Problem details
The listing must be copied out in full and exactly; no images go with it.

Material provided
★ ★ ★ ★

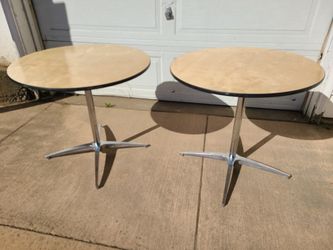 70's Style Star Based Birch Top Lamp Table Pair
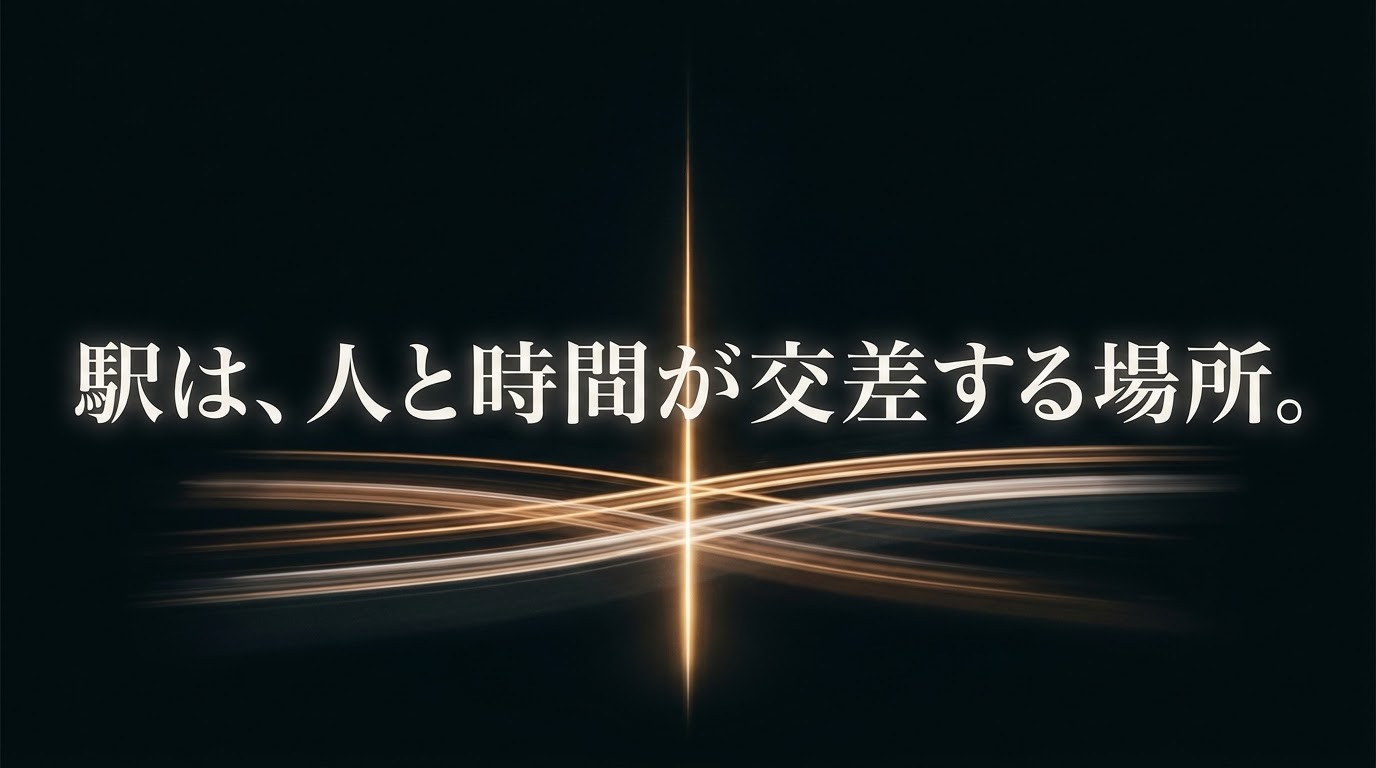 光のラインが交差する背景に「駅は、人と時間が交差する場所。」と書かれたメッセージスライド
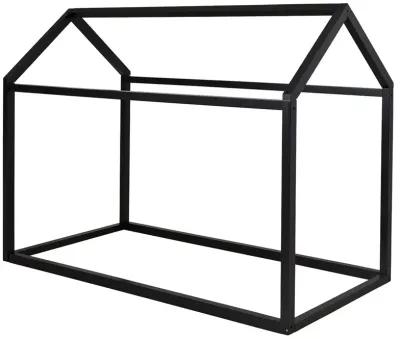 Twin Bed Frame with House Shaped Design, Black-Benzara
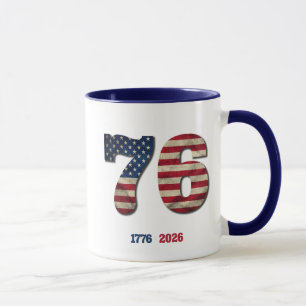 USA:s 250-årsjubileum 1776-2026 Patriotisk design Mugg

★ ★ ★ ★

Problem solution
 70's Style Star Based Birch Top Lamp Table Pair
 光のラインが交差する背景に「駅は、人と時間が交差する場所。」と書かれたメッセージスライド
 Twin Bed Frame with House Shaped Design, Black-Benzara
 USA:s 250-årsjubileum 1776-2026 Patriotisk design Mugg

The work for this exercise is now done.